England will end legal requirement to self-isolate following positive COVID-19 test from February 24, said United Kingdom Prime Minister Boris Johnson.
According to Johnson, lifting curbs is part of his "living with Covid" strategy that will return people's freedom, the BBC reported. Johnson said the end to restrictions would "mark a moment of pride as we begin to learn to live with Covid".
The plan to move out of the pandemic would bring society "towards a return to normality" after "one of the most difficult periods in our country's history", he said.
Further, Johnson attributed the plan to the success of the Covid vaccination programme, which according to him had put England in a "strong position to consider lifting the remaining legal restrictions".
However, he has maintained that the pandemic is "not over" and the plan for living with Covid would take a "cautious approach" which would retain "some surveillance systems and plans for contingency measures which can be stood up if needed to respond to new variants", the report said.
Just over 91 per cent of people in the UK aged 12 and over have had a first dose of a vaccine, 85 per cent a second jab, and 66 per cent a booster or a third dose, according to official data.
Earlier this week, the government also announced it would offer a low-dose Covid vaccine to children aged between five and 11 in England during April.
As part of he new strategy, Johnson said that Covid testing would take place at a "much lower level".
Community PCR testing for people with symptoms is expected to stop under the new plan, but it is unclear whether the availability of free lateral flow tests will be reduced, the report said.

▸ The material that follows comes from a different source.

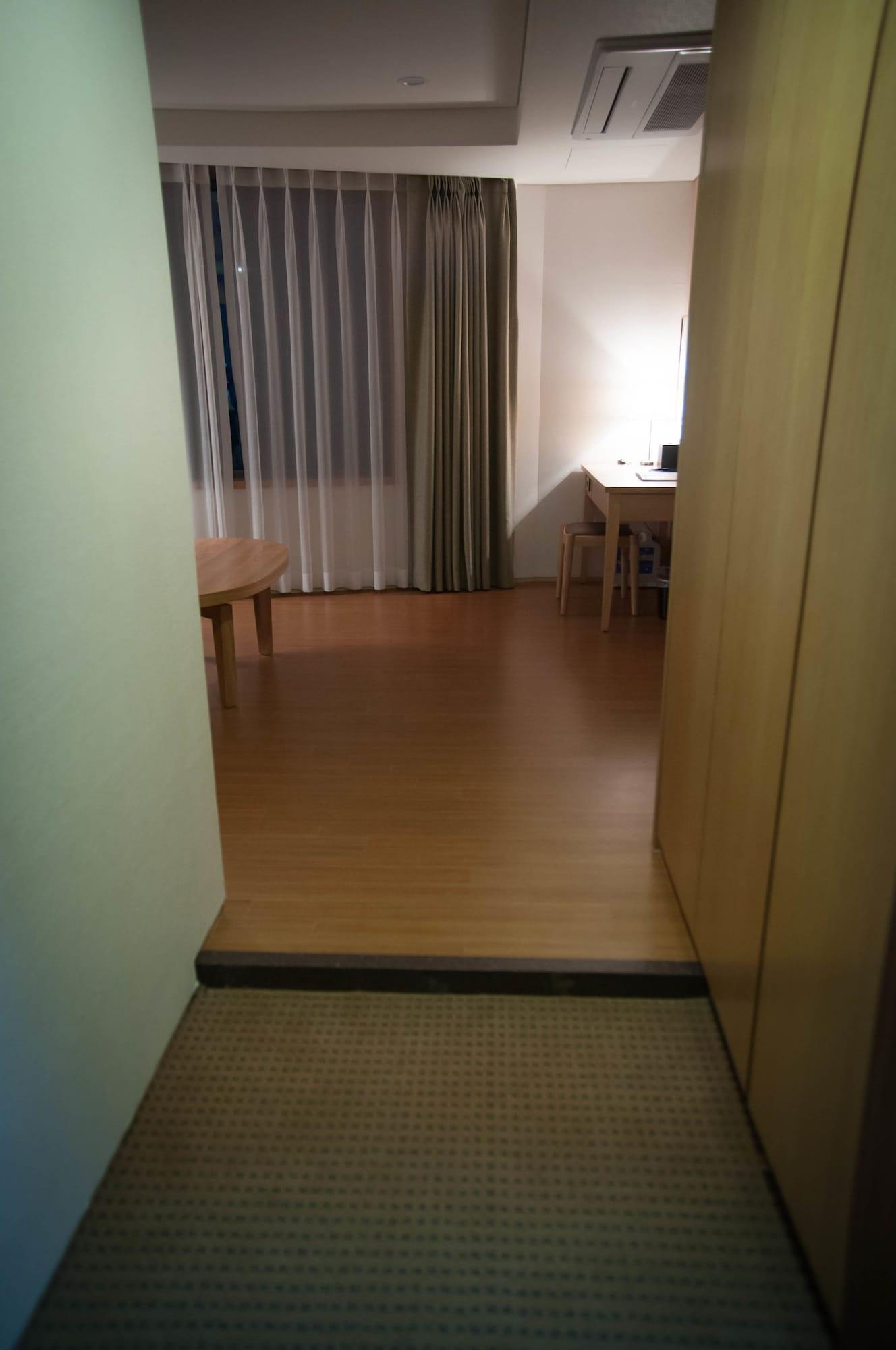 Benikea Jungmun Hotel Σεογκουίπο Εξωτερικό φωτογραφία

The plans would also see councils in England become responsible for managing Covid outbreaks using existing powers.
The country is also expected to slim down virus surveillance programme.

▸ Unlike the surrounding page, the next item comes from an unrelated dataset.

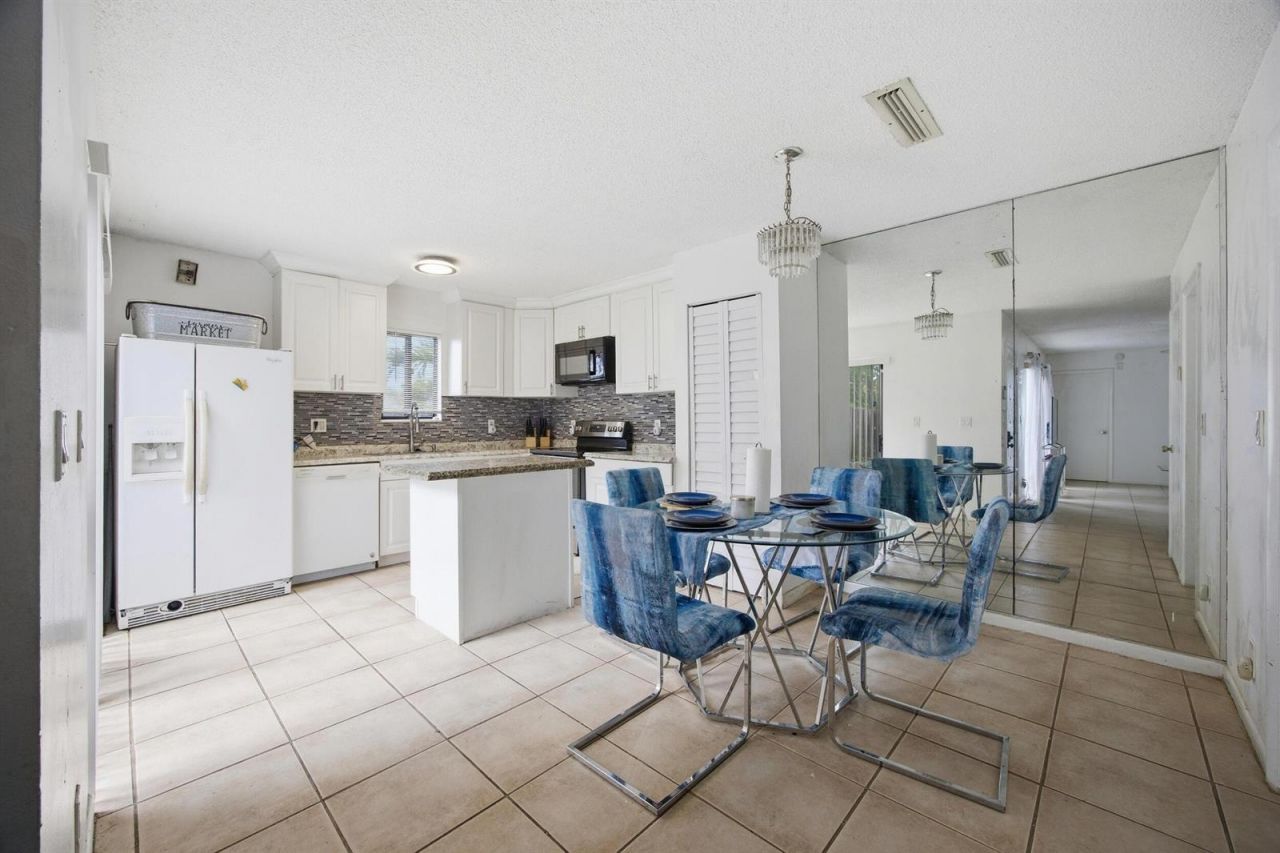 4102 Waterview Circle , Palm Springs, FL 33461 Photo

But some scientists, health experts and charities helping vulnerable people have also voiced concern at the plans to lift all restrictions.
David Spiegelhalter, professor of public understanding of risk at the University of Cambridge, said there was significant uncertainty about the impact of the plans, the Guardian reported.
"I can see the figures are looking encouraging, but the consequences are very difficult to predict. It may be fine, it may not be," he was quoted as saying.
Scientists at the government's Scientific Advisory Group for Emergencies (SAGE) have also raised alarm about the prospect of a new mutant strain emerging, Daily Mail reported.
They warned that any sudden change to the rules carries the potential to accelerate the pandemic and trigger a 'rapid' rise in cases.
In a paper discussed by SAGE, the scientists argued that it's a "common misconception" that viruses evolve to become weaker.
It warned of a "realistic possibility" that a variant could spawn that is just as lethal as other coronaviruses known to strike humans, such as MERS, which has a 35 per cent case fatality rate, the report said.